No, but there were three reasons:

1) There were more restrictions on travel. Most softball programs had no travel budget, so teams played in regionals close to home, except for Arizona or UCLA.
2) Back then, the NFCA (not the NCAA) was trying to make the sport more popular. (Remember that the SEC and the Big10 didn't have softball teams until the Title IX lawsuits started threatening their football programs.) So, the regionals and sectionals were set up so that a few lesser teams could make it to the CWS in an attempt to broaden the appeal of the sport.
3) The good ol' girls network (and Arizona) made sure that certain teams always went to the CWS.
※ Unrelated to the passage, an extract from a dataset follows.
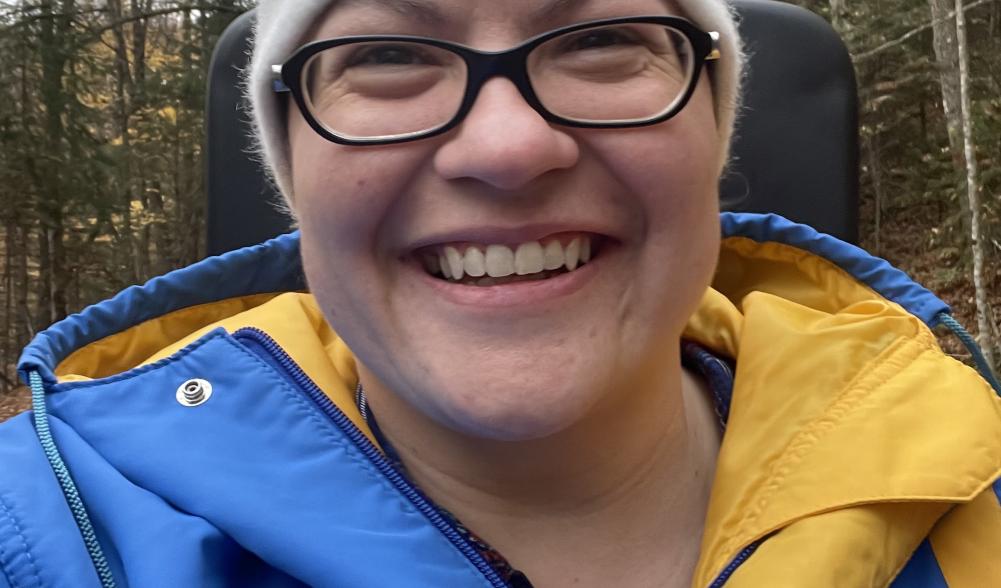 A woman in a bright blue and yellow parka and 1980 Lake Placid Olympic winter hat grins on a ride.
For years, the CWS was composed of UCLA, Arizona, Michigan, South Carolina, Louisiana Southwest (now Louisiana Lafayette), Washington and two other teams. Usually, some team from the northwest would be there as well. (The Raybestos Brakettes had pull, believe it or not.)

Here is how it worked:

UCLA and Arizona were always ranked 1 and 2. The #2 team would host the "western" sectional. All the California teams would feed into that sectional. So the host would eliminate all the other California teams. The "other California teams" (Fresno State, UC Long Beach, etc.) were usually the best teams in the country after UCLA and Arizona, but they never got to go to the CWS.

The #1 team would head east and play in the midwest in some sectional that, somehow, never included Michigan. So, the #1 team, more or less, got a bye into the CWS.

UCLA and Arizona would then summarily destroy the other competition at the CWS and play against each other in a championship game that would end 1-0, usually in favor of UCLA.